Rachel Cusk's Second Place published by Faber and Faber
Rachel Cusk's Second Place published by Faber and Faber

Second place is a woman’s world. A world that she has conceived, like many of us, through the ways of perception. Not many of us are individuals, though, no matter how much we press ourselves. Perceptions steps in and holler at our each and every intention.


Why or when do we start giving into these ideas about what and how should we as women be is something that may be delayed for some, but it surely shows with much force in the Second Place.


As smoothly as the protagonist tries to chart out a world for herself by living in a secluded place, it seems like she has settled instead of going for what she wanted; much like Madame Bovary at times and much like part of her actual personality. One can never say though. And that is where the problematic of the book lies too. Do we even have a personality if it shatters so easily as one deviating perspective comes in our life?
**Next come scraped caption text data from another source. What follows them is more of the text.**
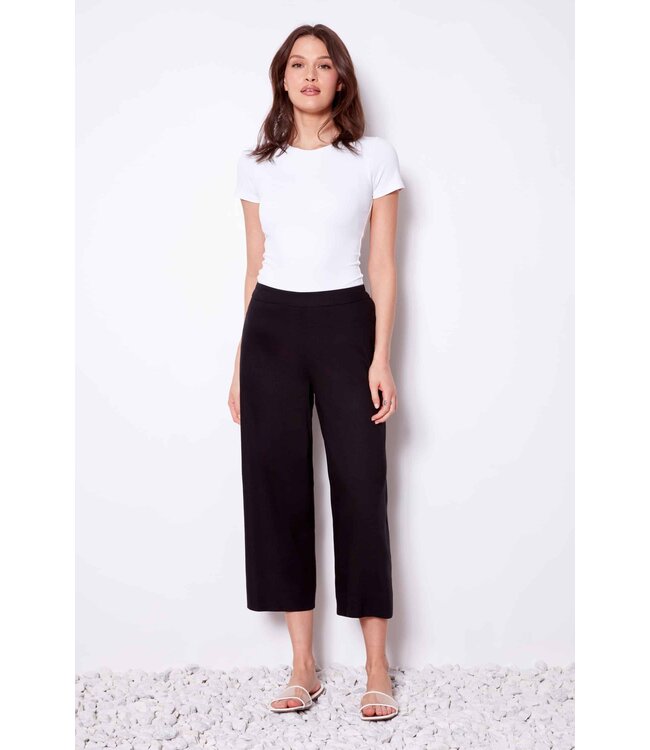 PANTALON LIN NOIR
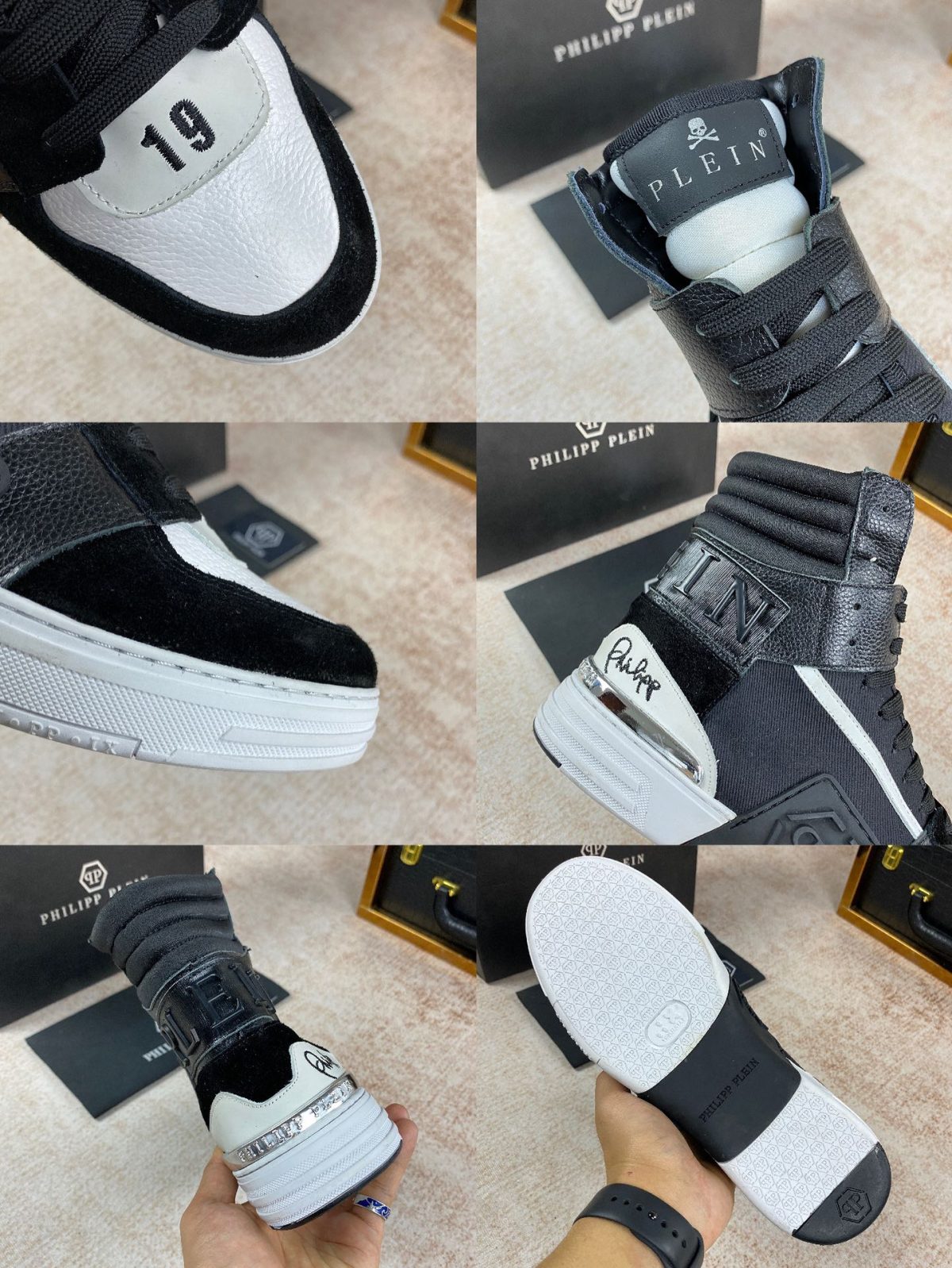 Philipp Plein Mens Outdoor Sneakers Shoes 38 - 45 - Image 8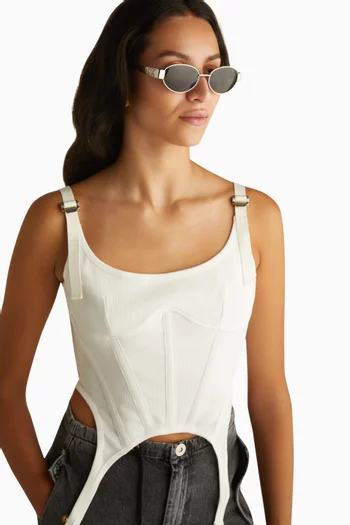 نظارة شمسية 01 بشعار الماركة معدن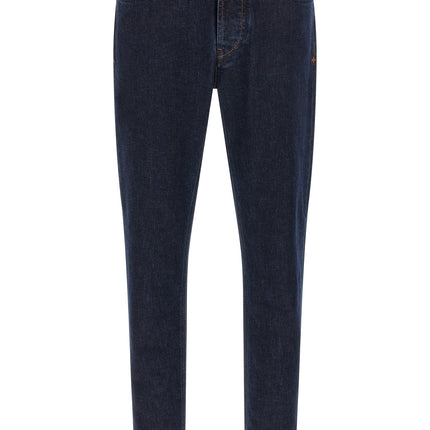 Stone Island Blue Cotton Straight-Leg Jeans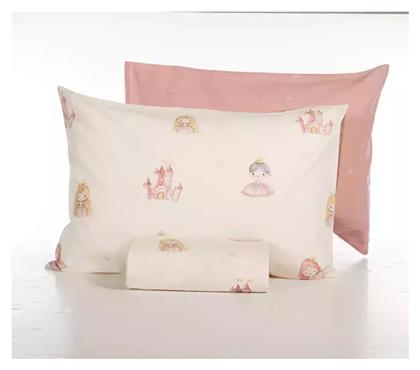 Nef-Nef Homeware Our Princess Σετ Παιδική Παπλωματοθήκη Μονή με Μαξιλαροθήκη Βαμβακερή Cream 160x240εκ. Nef Nef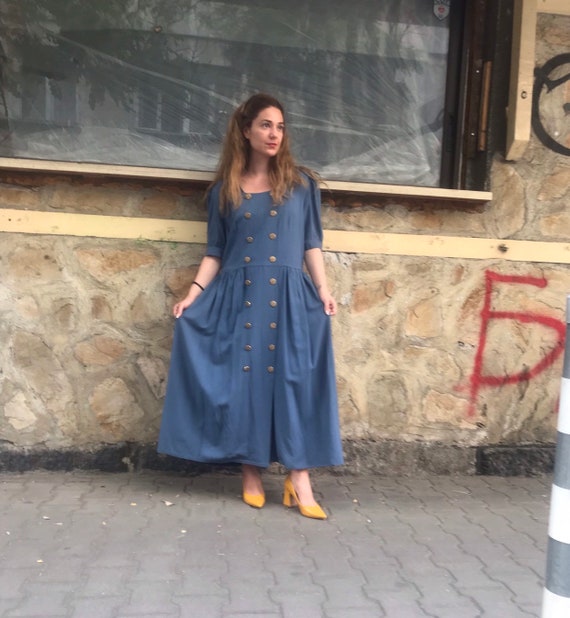 Vintage . Cotton maxi dress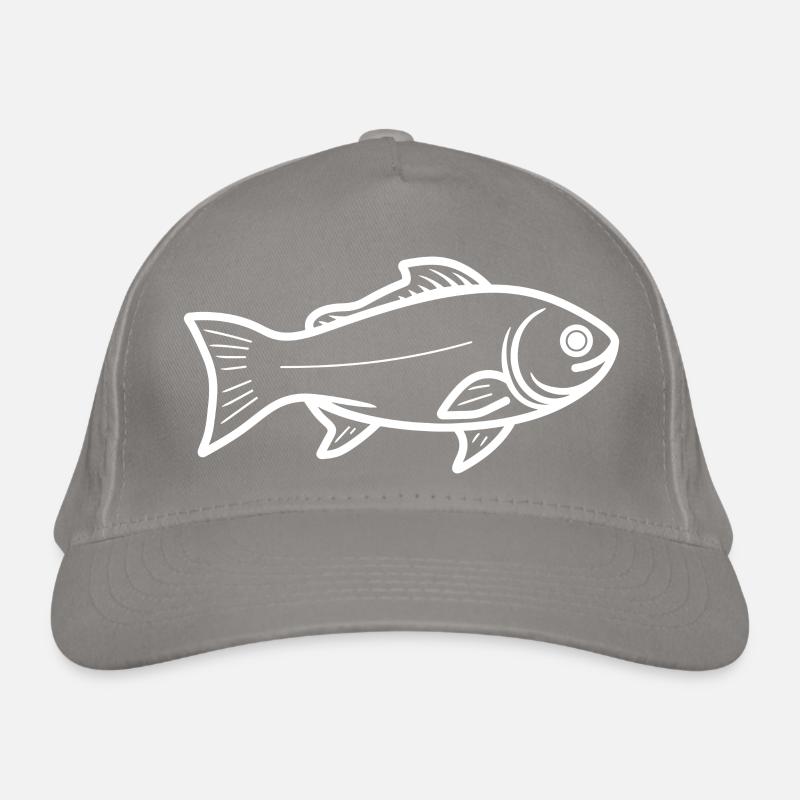 Dessin de poisson Casquette classique bio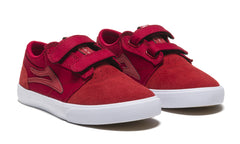 Griffin Kids - Red/Reflective Suede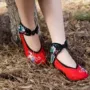 Tràm mới nông miệng thoải mái phong cách quốc gia retro thêu giày khóa cao-top giày của phụ nữ Bắc Kinh giày vải giày bitis nữ
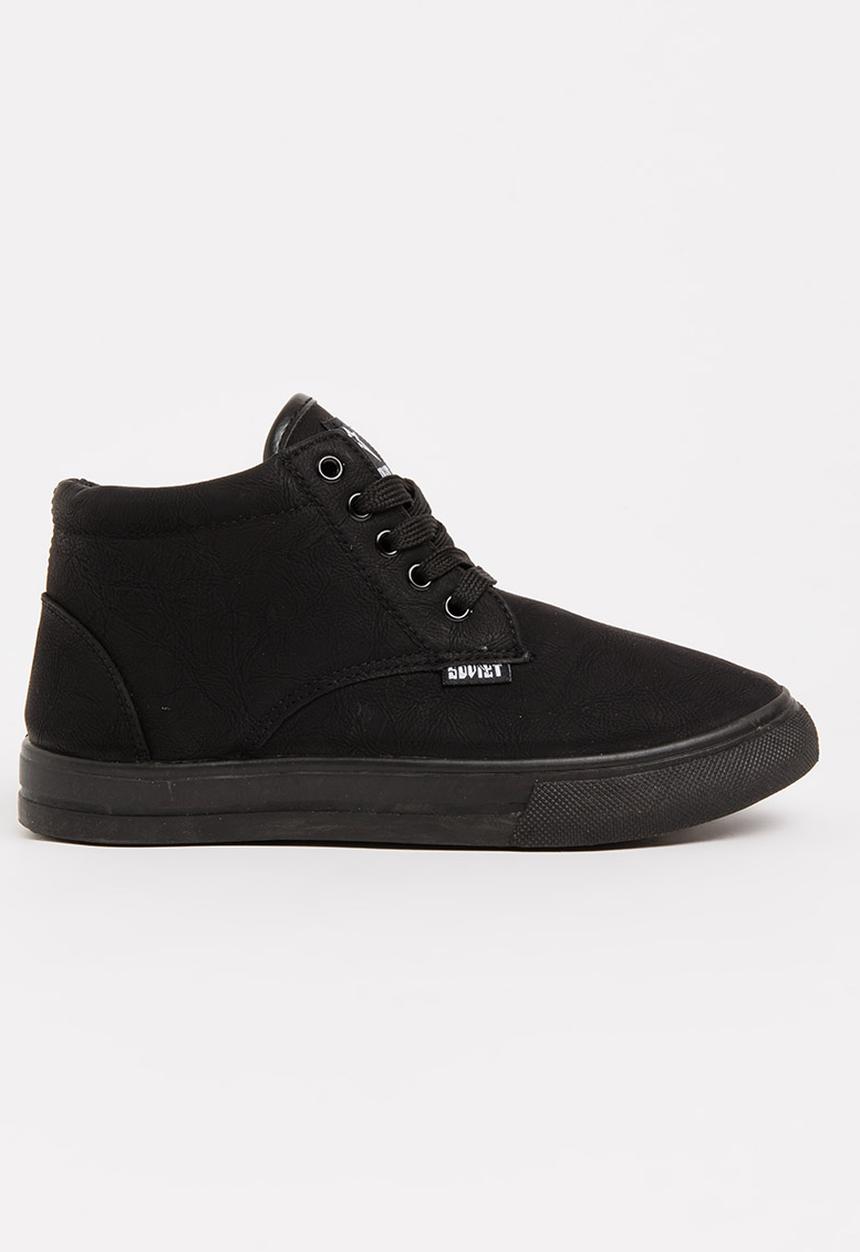 SOVIET - Clyde Hi Cut Sneaker Mono Black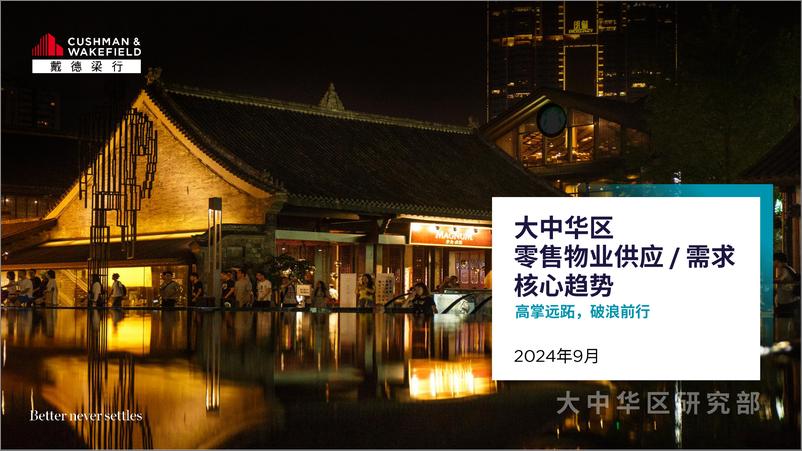 《戴德梁行_2024年大中华区零售物业供应需求核心趋势报告》 - 第1页预览图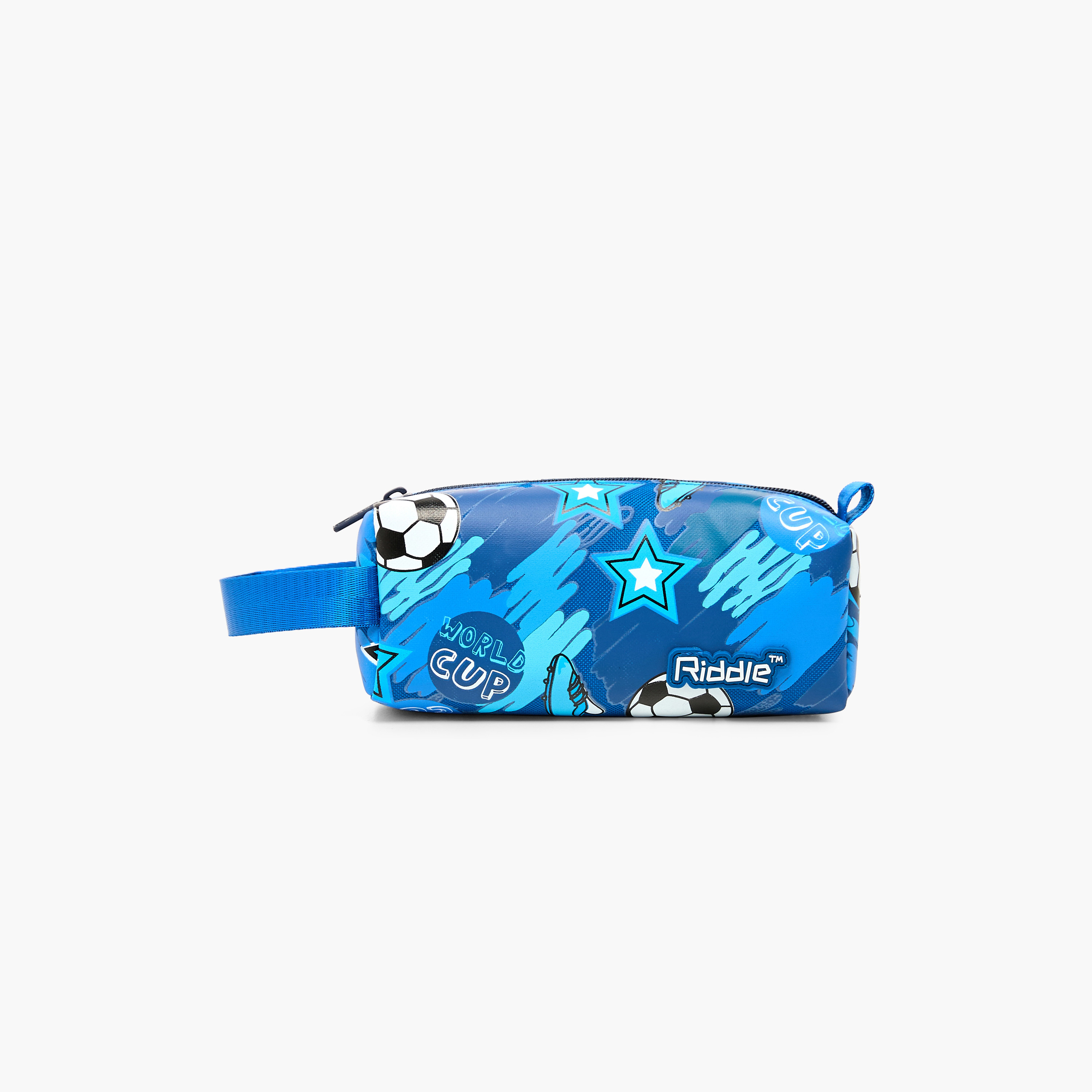 مقلمة بسحاب إغلاق وطبعات كرة قدم من جونيورز-school-stationery-pencilcases-image-1
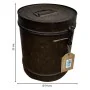 Decorative canister Alexandra House Living Brown Iron Traditional style 19 x 23 x 19 cm by Alexandra House Living, Lidded Sto...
As humans, Cusk deftly says, our lives take meaning from the commentary that is done on it, but then why does she try to erase all that with a force as strong as that of an all-diminishing flood to create an individuality?


To be sure there is an individual, but that individual seems to gain traction of their being front things they desperately want to be aligned with their personality even though they may or may not. M, the protagonist, invites over an ultra-famous though now old artist only to have all the breaks in her personality resurface. She tries to be close to him, leaving her all-natural and close to the real natural world husband. But what does she find? Him tearing mercilessly at her personality. She seems to have fallen in love with the person who instead of appreciating her rite de passage comes clean with all the weaknesses in her being. Whom does then this “so-called” exchange of commentary reflect? M or L.


It is left inconclusive by most standards, but if you want to challenge yourself and all that you have built yourself to be, then the Second Place is where you might start.


Eliot’s poem comes to mind;


“Do I dare disturb the universe?”


Dare and see if you move forward with that reality, truth and the inability of that truth to make things better for you.